### Data supplied ###

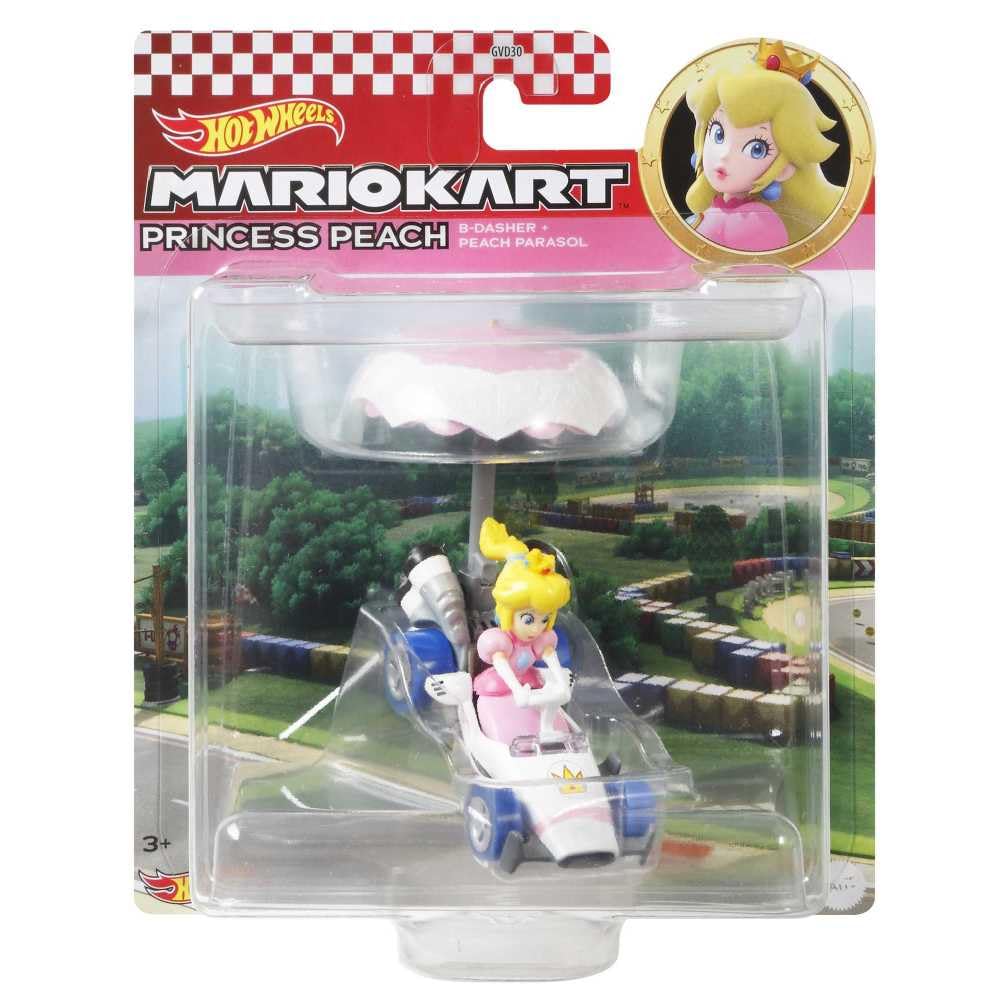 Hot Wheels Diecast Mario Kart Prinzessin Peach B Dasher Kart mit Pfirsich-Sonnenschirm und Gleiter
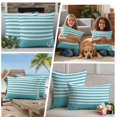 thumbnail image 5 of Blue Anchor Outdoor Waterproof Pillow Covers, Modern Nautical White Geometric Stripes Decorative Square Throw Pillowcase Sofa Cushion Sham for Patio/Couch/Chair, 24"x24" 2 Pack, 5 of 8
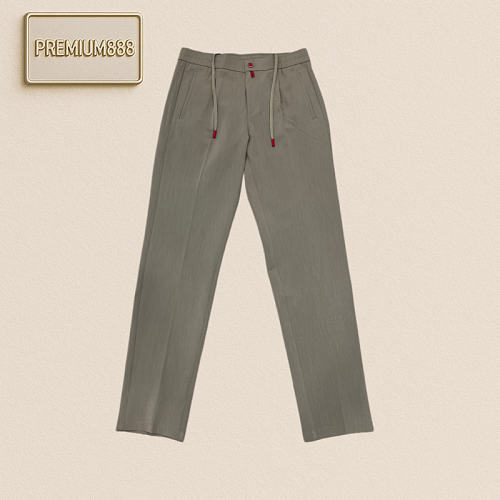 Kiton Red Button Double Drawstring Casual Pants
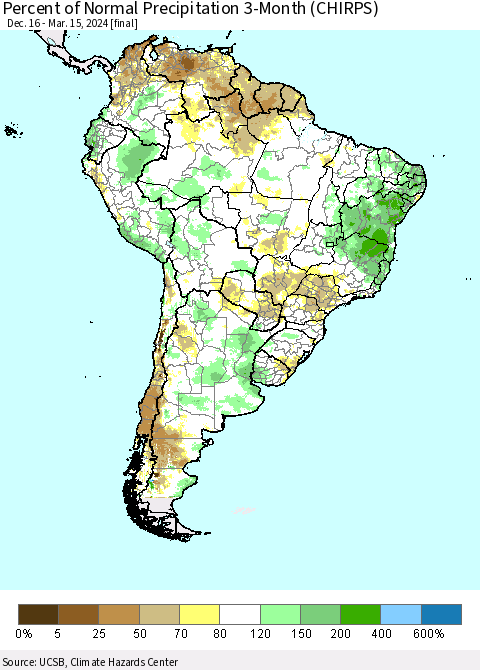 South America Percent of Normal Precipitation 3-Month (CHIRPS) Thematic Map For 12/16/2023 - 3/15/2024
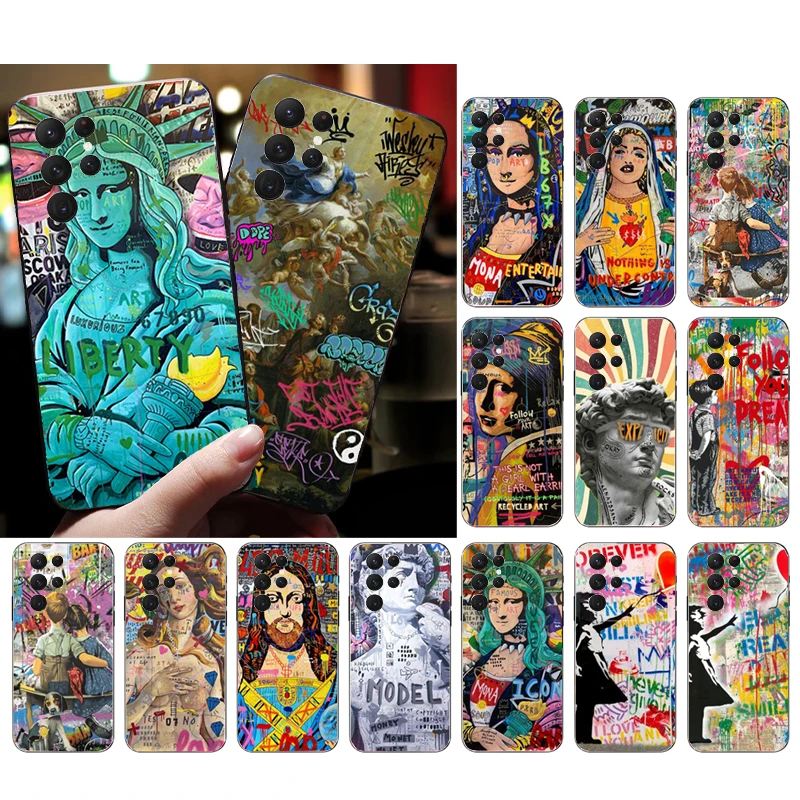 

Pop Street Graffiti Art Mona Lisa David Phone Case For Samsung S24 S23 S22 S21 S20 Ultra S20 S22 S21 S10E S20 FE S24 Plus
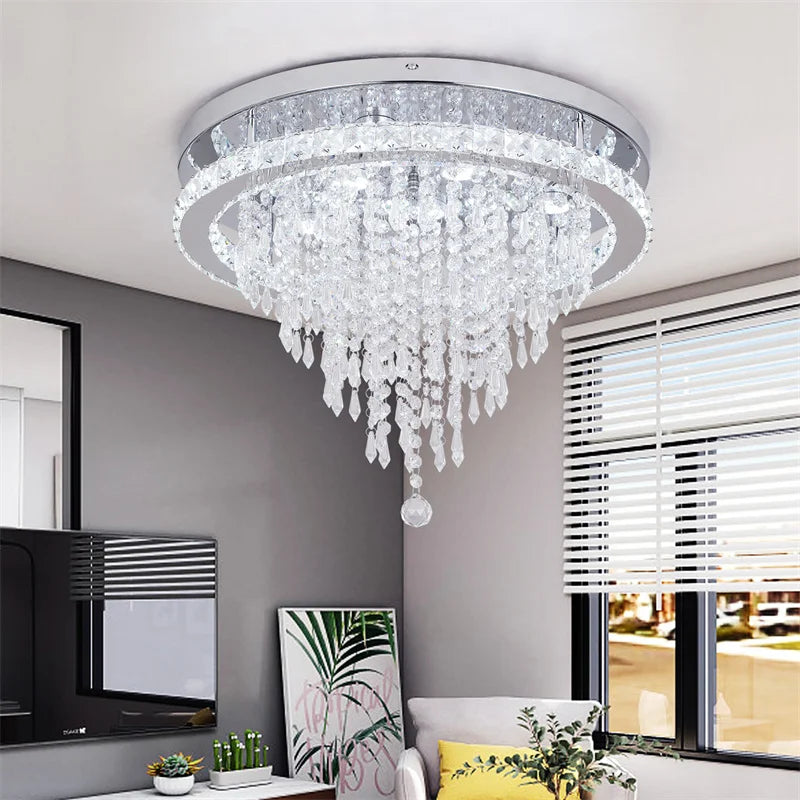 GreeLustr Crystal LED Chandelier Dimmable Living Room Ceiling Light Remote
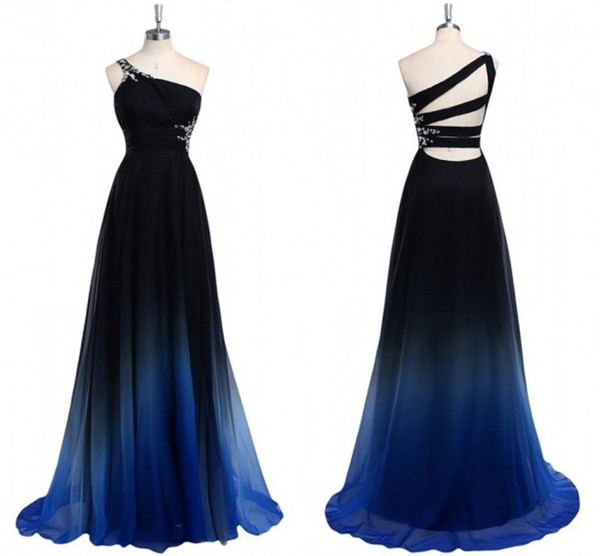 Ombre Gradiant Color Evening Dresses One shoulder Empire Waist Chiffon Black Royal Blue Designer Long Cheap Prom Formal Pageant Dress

###
### Data supplied ###

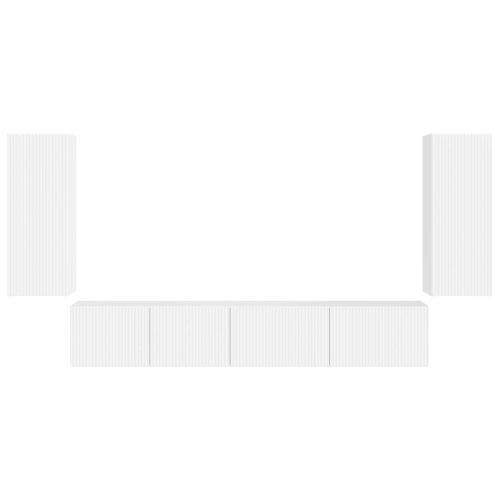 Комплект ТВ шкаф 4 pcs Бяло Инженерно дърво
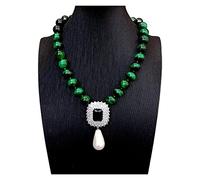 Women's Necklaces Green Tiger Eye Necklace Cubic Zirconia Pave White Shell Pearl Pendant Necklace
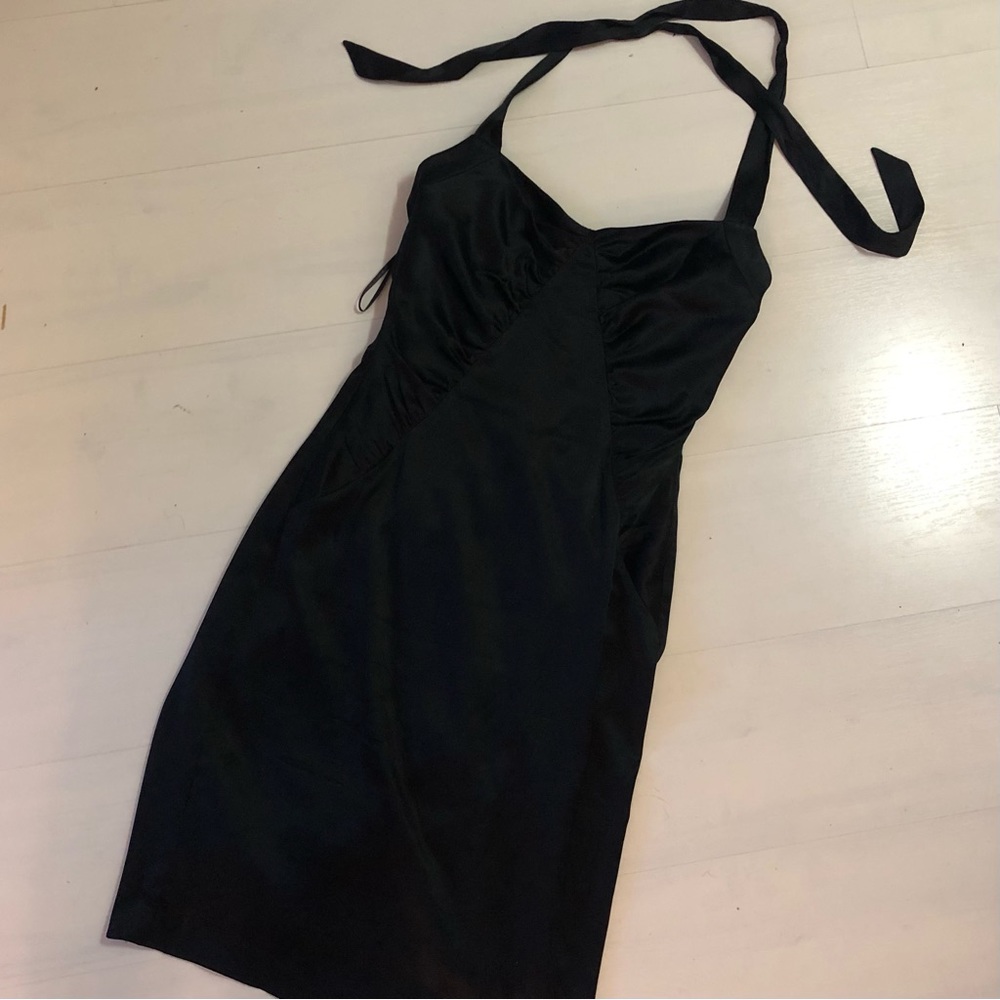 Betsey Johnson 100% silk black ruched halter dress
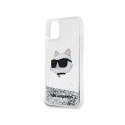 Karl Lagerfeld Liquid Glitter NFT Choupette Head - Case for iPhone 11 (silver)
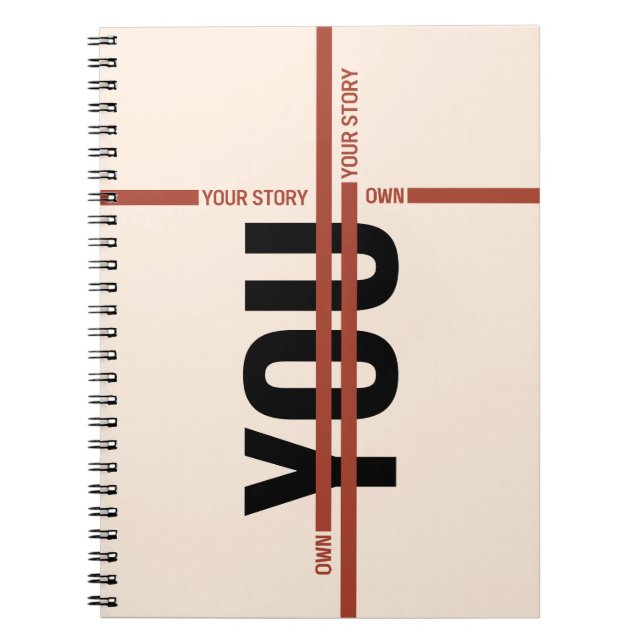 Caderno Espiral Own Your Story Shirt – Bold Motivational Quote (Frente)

###
### Data supplied ###

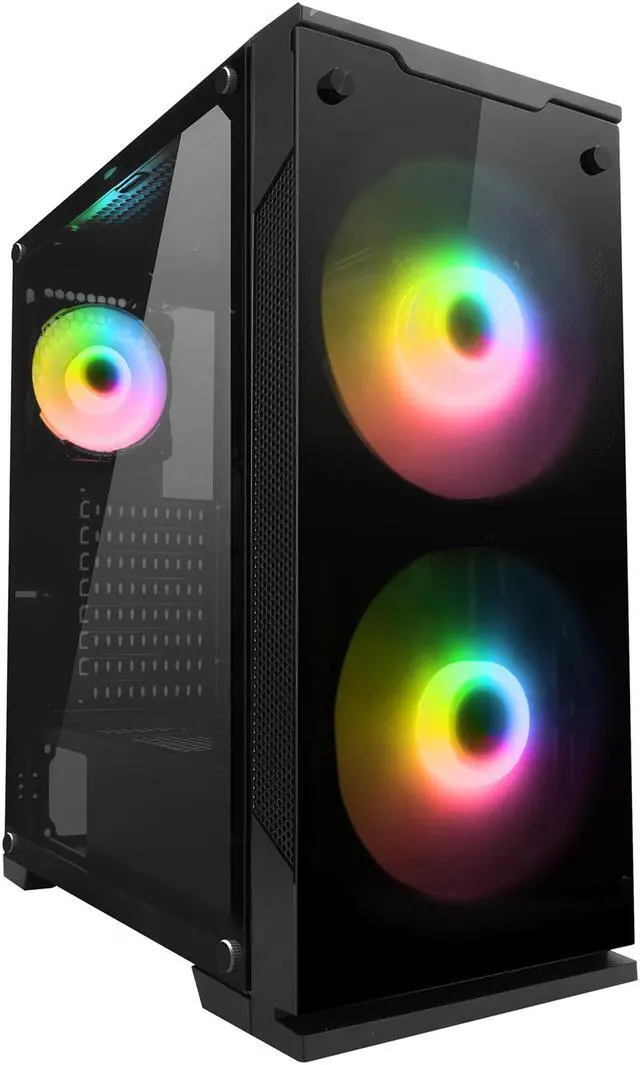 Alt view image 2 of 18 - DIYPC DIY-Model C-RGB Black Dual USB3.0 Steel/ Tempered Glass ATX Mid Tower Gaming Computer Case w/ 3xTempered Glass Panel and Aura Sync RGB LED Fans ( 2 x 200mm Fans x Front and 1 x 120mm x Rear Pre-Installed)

###

**Work required**:
Write back word for word every line in the entries above from the one with "Hot Wheels Diecast" to the one with "Ombre Gradiant Color", ends included, and none of the pictures.

**Completed exercise**:
 Hot Wheels Diecast Mario Kart Prinzessin Peach B Dasher Kart mit Pfirsich-Sonnenschirm und Gleiter
 thumbnail image 5 of Blue Anchor Outdoor Waterproof Pillow Covers, Modern Nautical White Geometric Stripes Decorative Square Throw Pillowcase Sofa Cushion Sham for Patio/Couch/Chair, 24"x24" 2 Pack, 5 of 8
 Kiton Red Button Double Drawstring Casual Pants
 South America Percent of Normal Precipitation 3-Month (CHIRPS) Thematic Map For 12/16/2023 - 3/15/2024

Pop Street Graffiti Art Mona Lisa David Phone Case For Samsung S24 S23 S22 S21 S20 Ultra S20 S22 S21 S10E S20 FE S24 Plus
 GreeLustr Crystal LED Chandelier Dimmable Living Room Ceiling Light Remote
 Ombre Gradiant Color Evening Dresses One shoulder Empire Waist Chiffon Black Royal Blue Designer Long Cheap Prom Formal Pageant Dress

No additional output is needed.